Supplied records:
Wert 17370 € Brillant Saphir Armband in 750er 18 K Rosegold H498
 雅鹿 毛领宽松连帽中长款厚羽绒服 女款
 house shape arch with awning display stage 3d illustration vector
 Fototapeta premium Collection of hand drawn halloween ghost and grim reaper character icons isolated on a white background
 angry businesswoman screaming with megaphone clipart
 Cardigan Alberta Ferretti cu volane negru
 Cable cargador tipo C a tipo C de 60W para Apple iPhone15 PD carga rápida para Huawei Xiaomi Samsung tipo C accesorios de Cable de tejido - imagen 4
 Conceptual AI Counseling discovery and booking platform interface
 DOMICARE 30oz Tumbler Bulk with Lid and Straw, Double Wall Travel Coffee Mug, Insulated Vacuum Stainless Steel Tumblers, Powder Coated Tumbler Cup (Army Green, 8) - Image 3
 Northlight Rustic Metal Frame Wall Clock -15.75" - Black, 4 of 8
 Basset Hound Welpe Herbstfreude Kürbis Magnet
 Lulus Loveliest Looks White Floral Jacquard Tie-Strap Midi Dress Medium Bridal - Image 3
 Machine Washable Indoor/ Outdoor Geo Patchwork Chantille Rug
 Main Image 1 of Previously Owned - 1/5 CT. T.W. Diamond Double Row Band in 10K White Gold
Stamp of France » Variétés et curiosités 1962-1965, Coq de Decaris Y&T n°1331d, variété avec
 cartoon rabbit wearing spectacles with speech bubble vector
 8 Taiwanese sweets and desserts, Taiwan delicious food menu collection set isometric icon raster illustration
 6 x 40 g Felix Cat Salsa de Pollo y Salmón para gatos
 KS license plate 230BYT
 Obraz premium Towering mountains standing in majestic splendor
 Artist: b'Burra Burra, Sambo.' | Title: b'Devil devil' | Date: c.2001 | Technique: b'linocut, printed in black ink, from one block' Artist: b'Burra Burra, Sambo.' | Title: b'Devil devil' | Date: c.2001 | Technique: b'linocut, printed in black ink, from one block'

Goal of the exercise: Only the lines from the one containing "Main Image 1" through the one containing "6 x 40 g Felix" are to be retyped, both boundary lines included, with no other material.

Completed exercise:
 Main Image 1 of Previously Owned - 1/5 CT. T.W. Diamond Double Row Band in 10K White Gold
Stamp of France » Variétés et curiosités 1962-1965, Coq de Decaris Y&T n°1331d, variété avec
 cartoon rabbit wearing spectacles with speech bubble vector
 8 Taiwanese sweets and desserts, Taiwan delicious food menu collection set isometric icon raster illustration
 6 x 40 g Felix Cat Salsa de Pollo y Salmón para gatos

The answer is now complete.